Chapter 1: Setting the scene

Humans love a good story. From the cavemen to the Kardashians, we’ve been spinning yarns for millennia.

In fact, 65% of our everyday conversations are made up of personal stories and gossip[1].

Over recent years, the word ‘storytelling’ has been buzzing its way around marketing departments and advertising agencies. Despite the ‘fluffiness’ of the word and the nostalgia it conjures, storytelling has hard-hitting commercial potential.

No matter how honest, moving or human our brand narratives may be, the ultimate objective is to promote our brand, products and services. And there’s lots of evidence to suggest that storytelling provides a winning formula.
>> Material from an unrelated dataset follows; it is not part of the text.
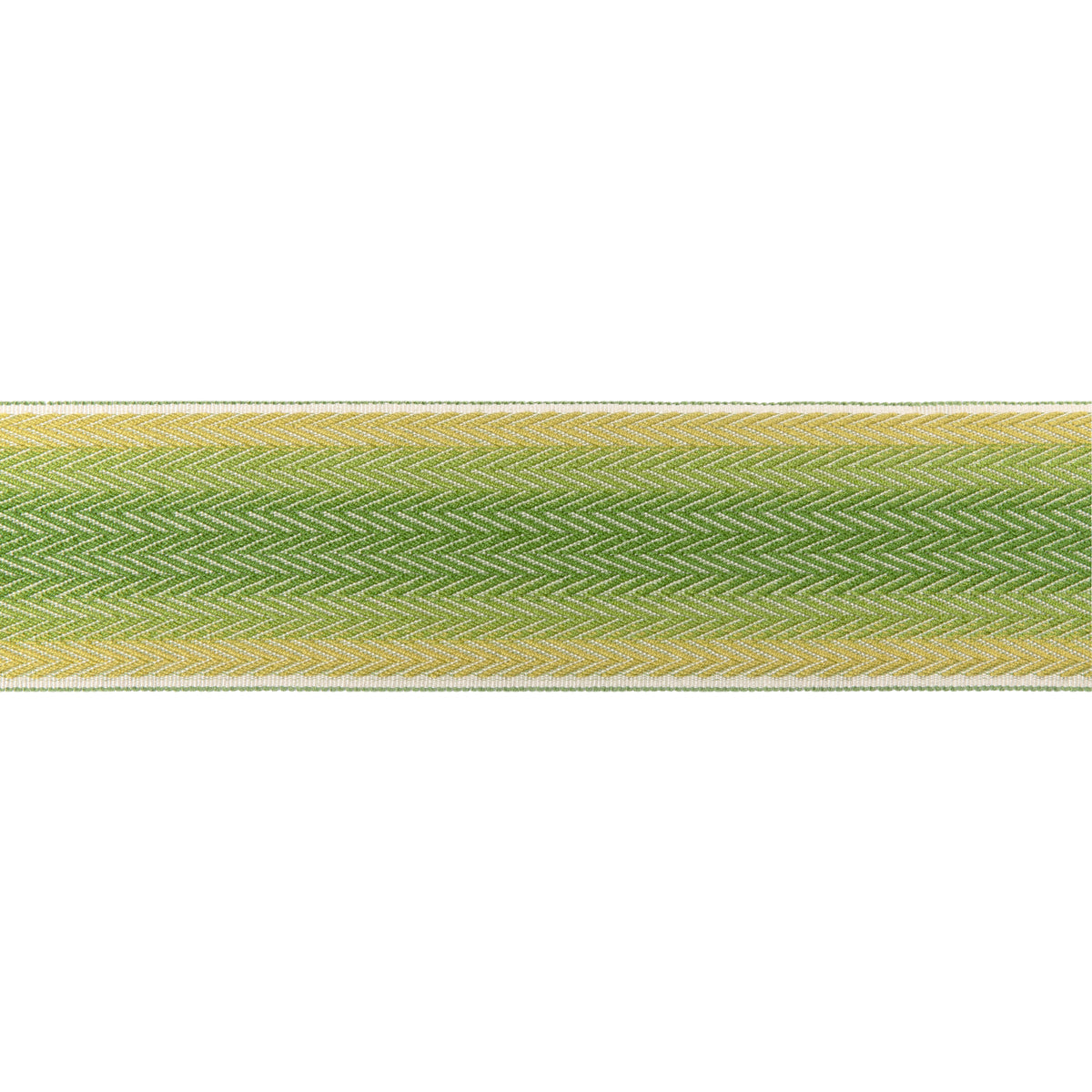 Barfleur Tape Trim by Brunschwig & Fils in Leaf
The key is to make sure you’re telling the right story in the right way.

Whether it’s Oxo family soap opera or Ikea’s Lion, there are plenty of excellent storytelling ads that have offered food for thought, laughter or pathos over the years. If you haven’t seen it, we can recommend The Canal Plus Bear, it’s one of our agency’s favourites.

Chapter 2: The build up 

Emotion and memory are powerful partners. Research by Stanford Business School has found that people remember stories around 22 times better than facts[2]. So it’s not surprising that when stories are used in advertising, they can have a marked influence on our buying behaviour. Not only do they help us remember brands better, the right narrative changes what we think about a product’s quality and value.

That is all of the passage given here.